--- START ---

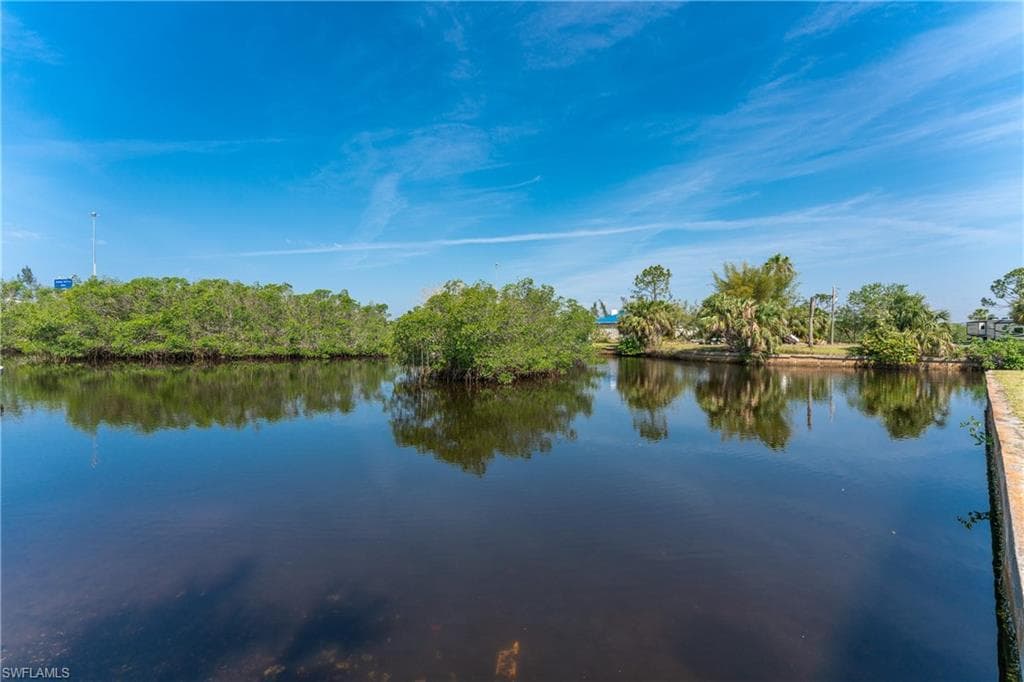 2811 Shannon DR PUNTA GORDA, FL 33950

--- END ---
--- START ---

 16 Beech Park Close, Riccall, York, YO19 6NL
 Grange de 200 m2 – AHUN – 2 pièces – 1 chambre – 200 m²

--- END ---

:: What to work on ::
Scan the records above for the lines holding "16 Beech Park Close, Riccall, York, YO19 6NL" and "Grange de 200". Transcribe those two and every line between them word for word, and no others.

:: Task solution ::
 16 Beech Park Close, Riccall, York, YO19 6NL
 Grange de 200 m2 – AHUN – 2 pièces – 1 chambre – 200 m²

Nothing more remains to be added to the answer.